Author:
Villamediana L. M.,García-Villalón Angel L.,Caramelo Carlos,López-Novoa José M.
Abstract
The present experiments were designed to evaluate vascular reactivity to angiotensin II in rats with experimental cirrhosis of the liver (induced with CCl4 and phenobarbital) before ascites appearance. The systemic pressor response to angiotensin II in conscious animals and the contractile effect of angiotensin II in isolated femoral arteries were studied. In addition, the effect of high sodium intake on these parameters was also analyzed. Both renin and aldosterone plasma concentrations were similar in control and cirrhotic rats on the normal or on the high sodium diet. Basal mean arterial pressure was higher in control rats than in cirrhotic rats on the normal sodium (116 ± 4 vs. 101 ± 4 mmHg (1 mmHg = 133.3 Pa),p < 0.05) or on the high sodium diet (118 ± 7 vs. 98 ± 6 mmHg).
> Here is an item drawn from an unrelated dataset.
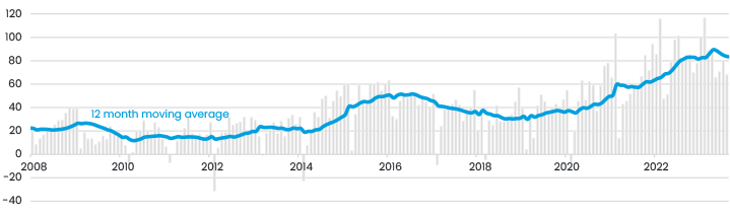 Figure 5 Chinas Monthly External Trade Balance Usdbn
No differences in plasma renin activity or plasma aldosterone were found between control and cirrhotic rats. Upon injection of angiotensin II, control rats show a dose-dependent increase in mean arterial pressure which is higher in high sodium than in normal sodium rats. Cirrhotic rats showed a lower hypertensive response to angiotensin II than their corresponding control rats. In addition, no difference between pressor responses to angiotensin II was observed when normal sodium and high sodium cirrhotic rats were compared. On application of angiotensin II, femoral arteries of control and cirrhotic rats exhibited a dose-dependent contraction. However, maximal contraction was higher in high sodium control rats (145 ± 12 mg) than in normal sodium control rats (99 ± 6 mg, p < 0.05). No significant differences between control and cirrhotic rats on either sodium diet were observed. In conclusion, cirrhotic, nonascitic rats showed an impaired pressor response to angiotensin II that is more marked after a high sodium diet. These differences are not due to changes in the contractility of peripheral arteries to angiotensin II.Key words: angiotensin II, liver cirrhosis, sodium intake, mean arterial pressure, vascular reactivity.
Publisher
Canadian Science Publishing
Subject
Physiology (medical),Pharmacology,General Medicine,Physiology
Cited by
11 articles.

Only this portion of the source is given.